INDEPENDENT NEWS

Charles William Williams and others v Auckland Council

Published: Fri 9 Oct 2015 03:45 PM
Charles William Williams and others v Auckland Council
(CA251/2014)
This summary is provided to assist in the understanding of the Court’s judgment. It does not comprise part of the reasons for that judgment. The full judgment with reasons is the only authoritative document. The full text of the judgment and reasons can be found at Judicial Decisions of Public Interest:
http://www.courtsofnz.govt.nz/from/decisions/judgments.html
The Court of Appeal (Justice Harrison, Justice French and Justice Mallon) has dismissed an appeal by descendants of owners of over 70 hectares of waterfront land at Te Atatu, West Auckland. The land was taken by Auckland Council’s predecessor, the Auckland Harbour Board, in the 1950s to develop a port at Te Atatu. It is now the site of residential housing, a public park, and reserve areas, with a value of up to $70 million.

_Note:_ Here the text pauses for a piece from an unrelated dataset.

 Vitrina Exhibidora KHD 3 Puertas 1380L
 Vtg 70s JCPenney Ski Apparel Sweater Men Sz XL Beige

The owners asked the Court to declare that the Council had to offer the land for sale at 1980s prices back to the owners or their descendants under the Public Works Act 1981, because by the early 1980s the land was no longer going to be used for a port or any other public work.
The Court of Appeal decided the Board did have a duty to offer the land back to four of the seven descendants, because it had acquired the land for a public work in the first place, and by 1982 still held but no longer required the land for any public work. The descendants did not need to prove the Board took their land compulsorily, although the Court said a notice issued by the Board made it clear early on to all the owners that they had to sell their land.

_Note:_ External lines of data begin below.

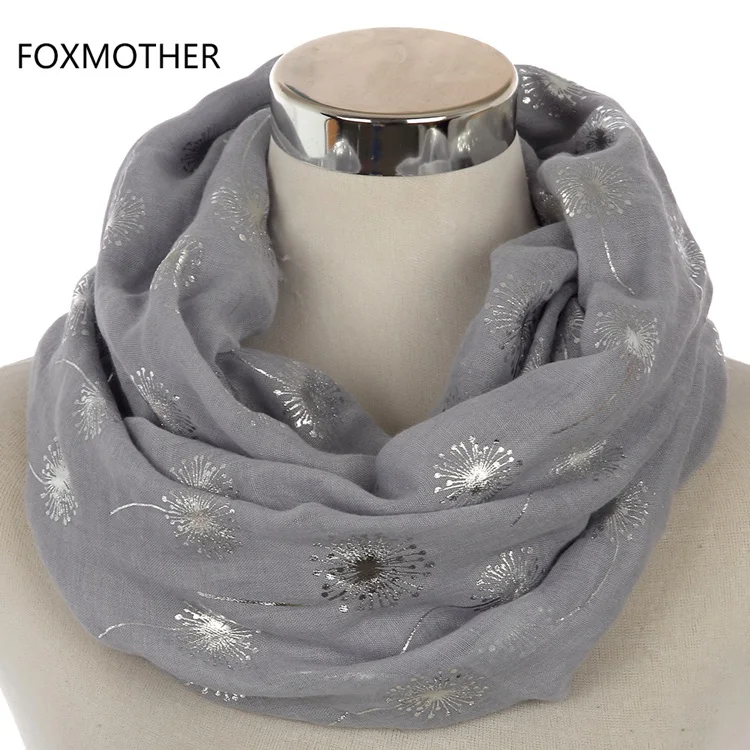 FOXMOTHER новая мода белая серая блестящая бронзовая Фольга Серебряный Одуванчик шарф кольцо платок женские хиджаб шарфы Прямая поставка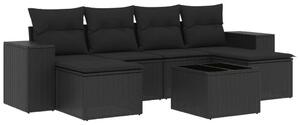 VidaXL 7 részes Kerti Ülőgarnitúra - Fekete Polyrattan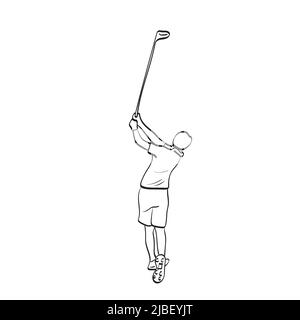 line art man hitting golf ball illustration vector hand drawn isolated on white background Stock Vector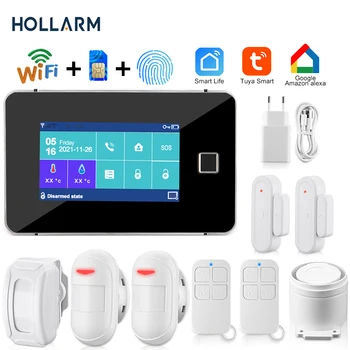 Hollarm Tuya WiFi Сигнализация GSM Умный дом Охранная сигнализация Беспроводной датчик Сенсорный экран Комплект сигнализации по отпечаткам пальцев Работает с Alexa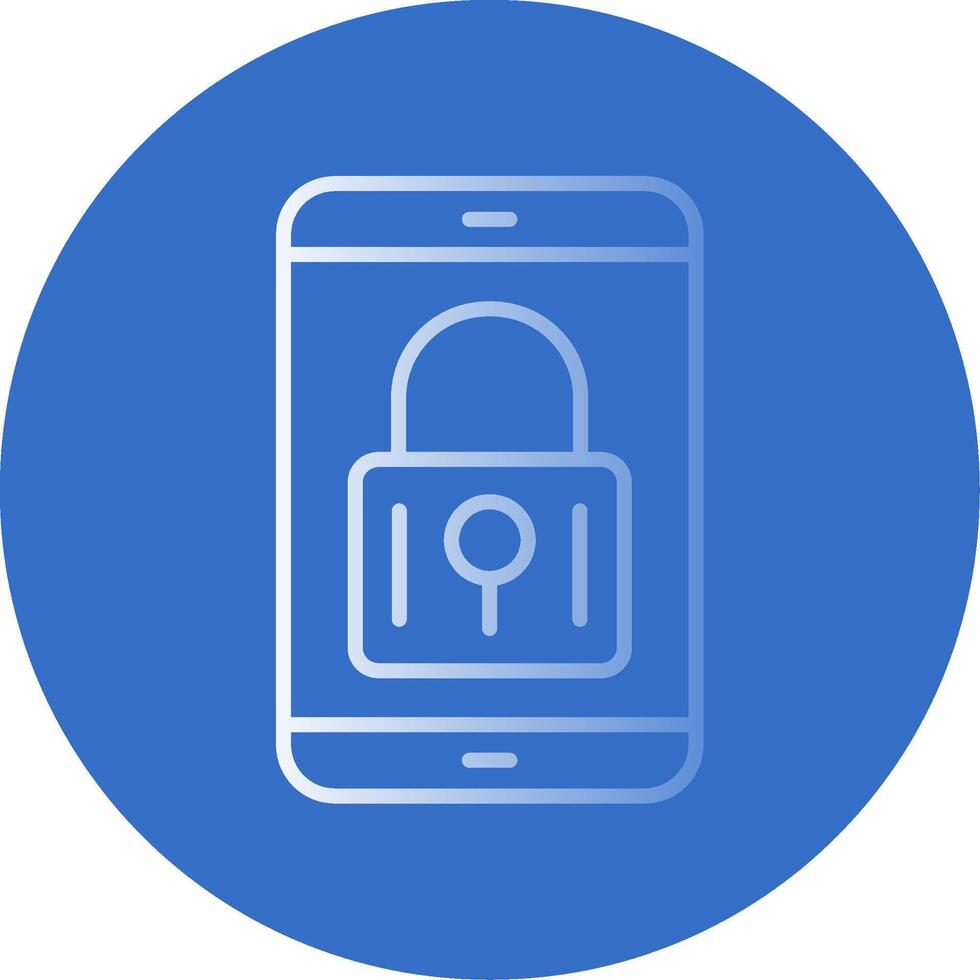 Mobile Security Flat Bubble Icon vector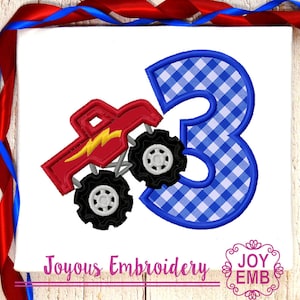 Monster Truck applique,Truck applique,Birthday Applique,Birthday Boy,Third Birthday Applique,Number Applique Machine embroidery file NO:3089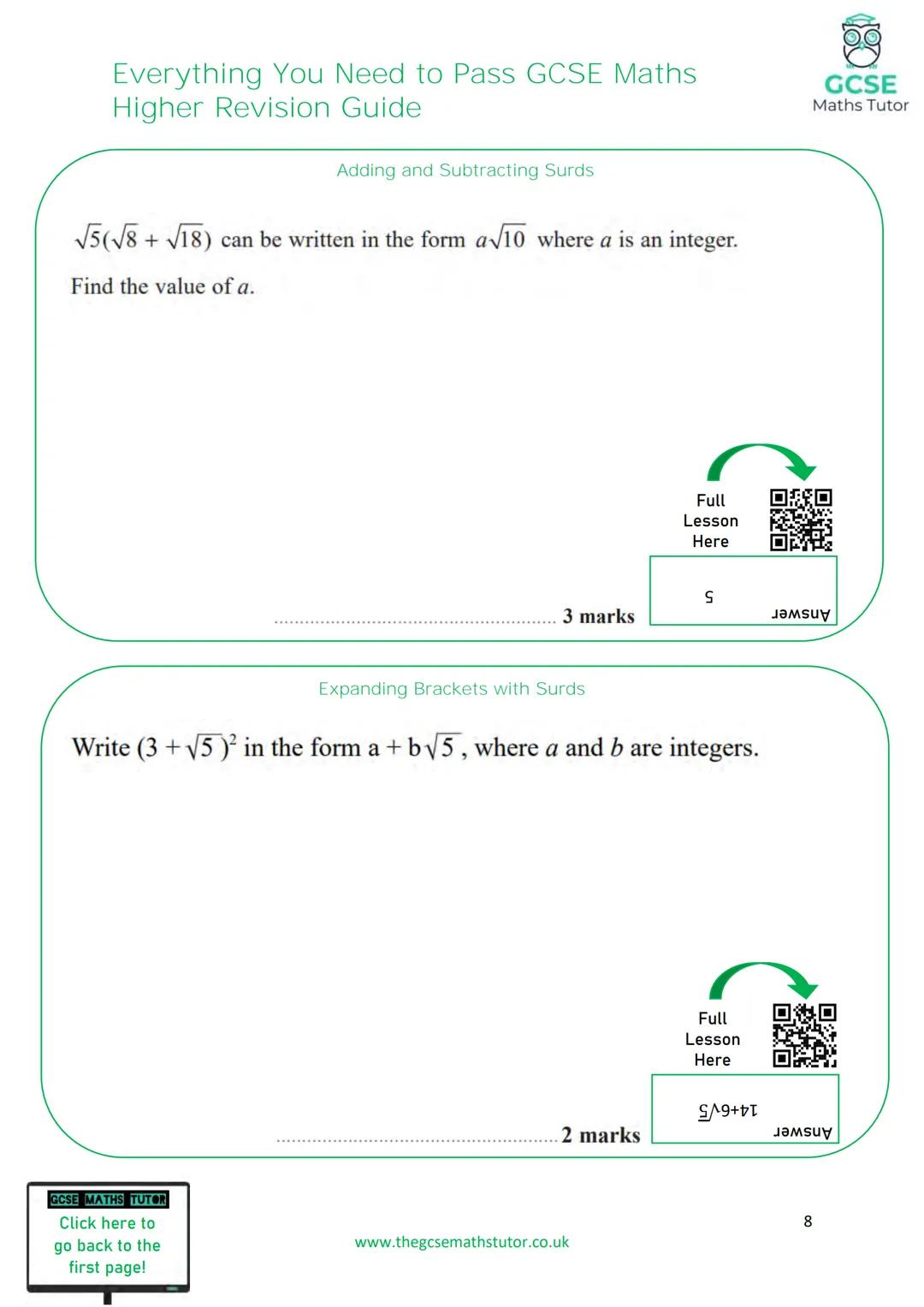 TGMT
THE ULTIMATE
REVISION GUIDE
FOR GCSE MATHS
EVERYTHING YOU NEED TO
PASS YOUR GCSE MATHS EXAM
HIGHER TIER
WWW.THEGCSEMATHSTUTOR.CO.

The Court also decided the Council was not able to rely on its 1996 decision to use the exceptions in the Public Works Act. That exception had to be used in a timely way, or else would be lost, meaning that the land had to be offered back.

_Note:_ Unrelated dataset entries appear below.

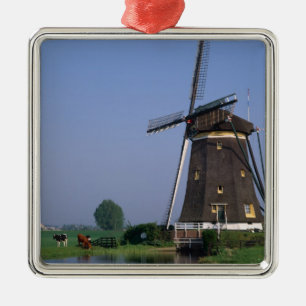 Vindkraftverk, Leidschendam, Nederländerna Julgransprydnad Metall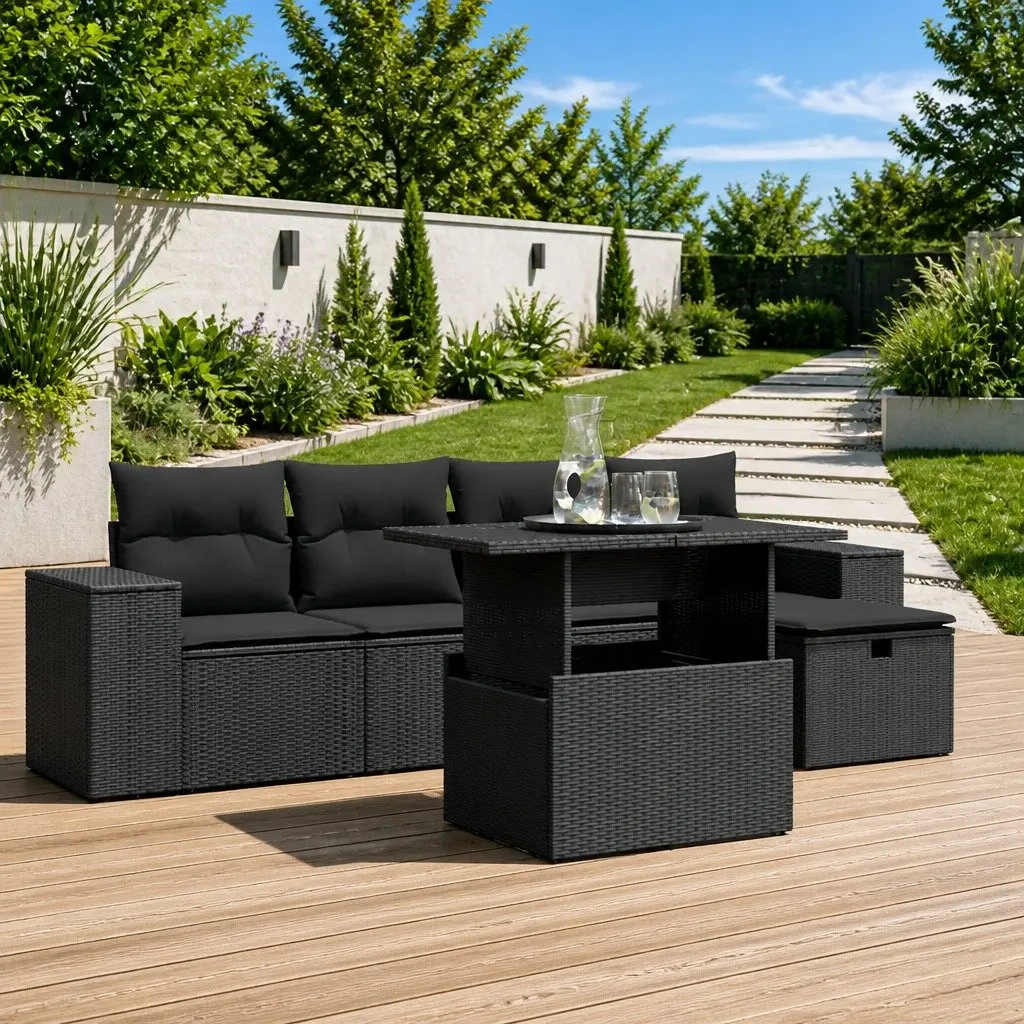 Garden Sofa Set 6 Piece Outdoor Furniture Modular Black PE Rattan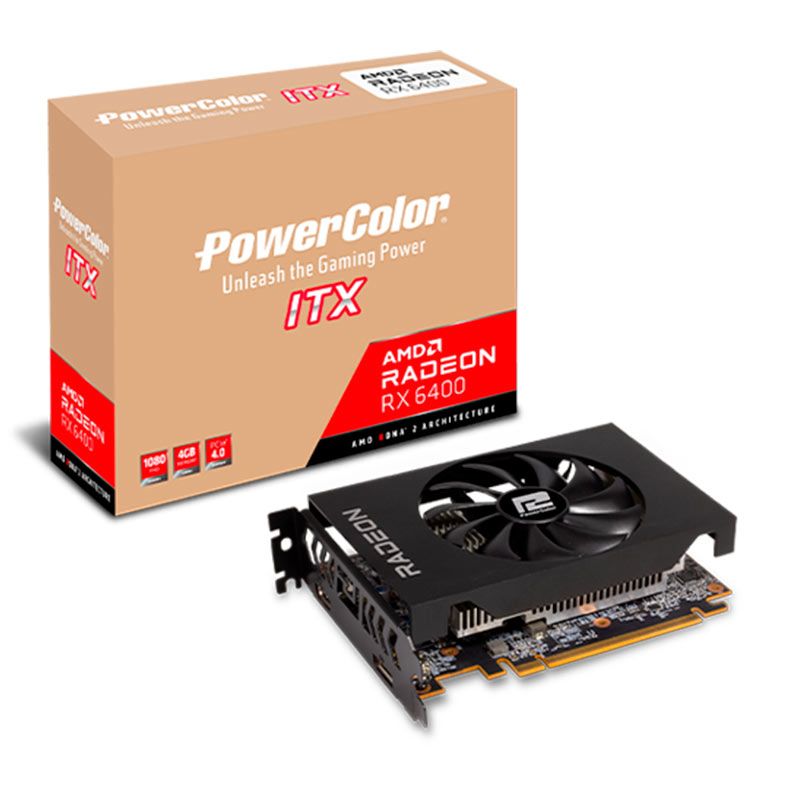 Placa de Video PowerColor Radeon RX 6400 ITX, 4GB, GDDR6, 64-bit, AXRX-6400-4GBD6-DH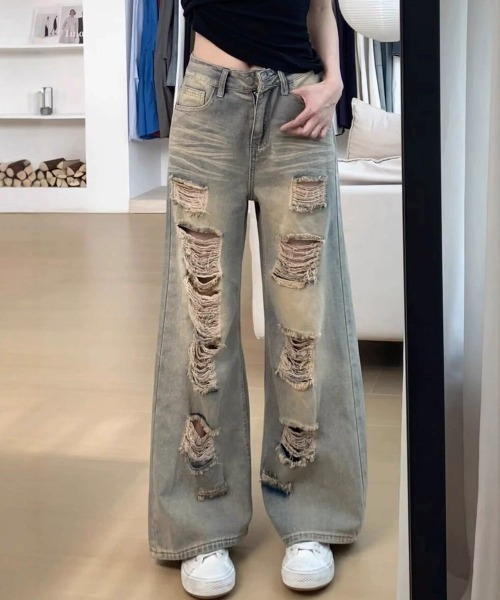 Miniministore(ミニミニストア)の「ダメージデニムワイドパンツ韓国風ジーンズ(デニムパンツ・レディース・ブルーグレー・XL/L/M/S)」の14枚目の写真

Auckland Council argued that an Act of Parliament passed in 1983 meant the Council no longer had a duty to offer the land back. But the Court said the Public Works Act was about sale of land while the 1983 Act related only to leases and licences: it did not end the Council’s responsibility to offer the land back to the descendants.
However, the Court decided not to declare that the Council had to offer the land back to the descendants. The descendants had waited too long before bringing their claim, with the consequence that the Council has developed the Te Atatu land into residential housing and a public park that was made possible by levying special rates from the community. The descendants were also not particularly attached to the land. Under agreements they had made with a company that would fund and run this case, the descendants would not keep the land. It would go to the litigation funding company, giving it a windfall because of the substantial difference between the value of the land in the 1980s and its value today.